* **WHAT THE TASK REQUIRES**:
Below are the entries. Transcribe exactly the lines from the one with "Intimissimi Pretty Flowers" through the one with "DoodleTown: 12 Days", ends included, and leave out all others.

* **MATERIAL FOR THIS EXERCISE**:
BEGIN
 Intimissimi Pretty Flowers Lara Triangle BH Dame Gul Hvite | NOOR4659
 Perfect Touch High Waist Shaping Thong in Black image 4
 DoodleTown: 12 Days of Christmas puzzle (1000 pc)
END
BEGIN
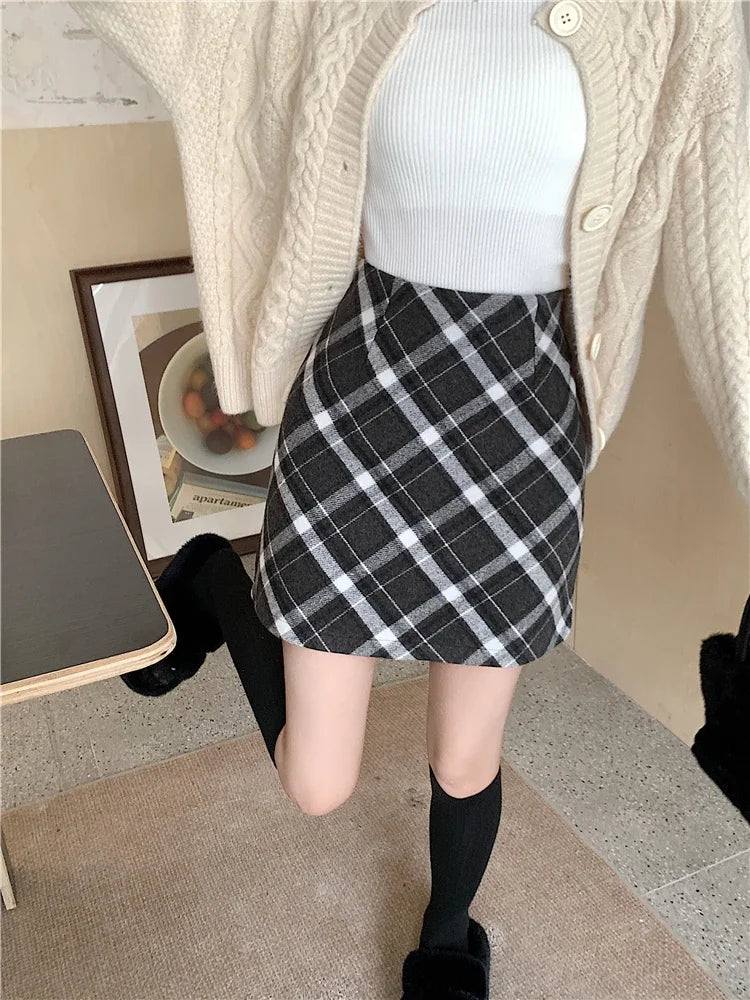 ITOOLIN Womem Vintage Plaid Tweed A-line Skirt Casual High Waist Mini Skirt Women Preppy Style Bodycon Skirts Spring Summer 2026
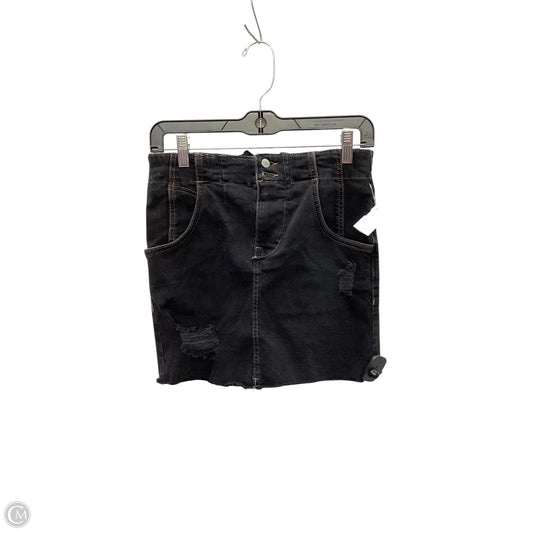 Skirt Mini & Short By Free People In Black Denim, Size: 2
END
* **RESULT**:
 Intimissimi Pretty Flowers Lara Triangle BH Dame Gul Hvite | NOOR4659
 Perfect Touch High Waist Shaping Thong in Black image 4
 DoodleTown: 12 Days of Christmas puzzle (1000 pc)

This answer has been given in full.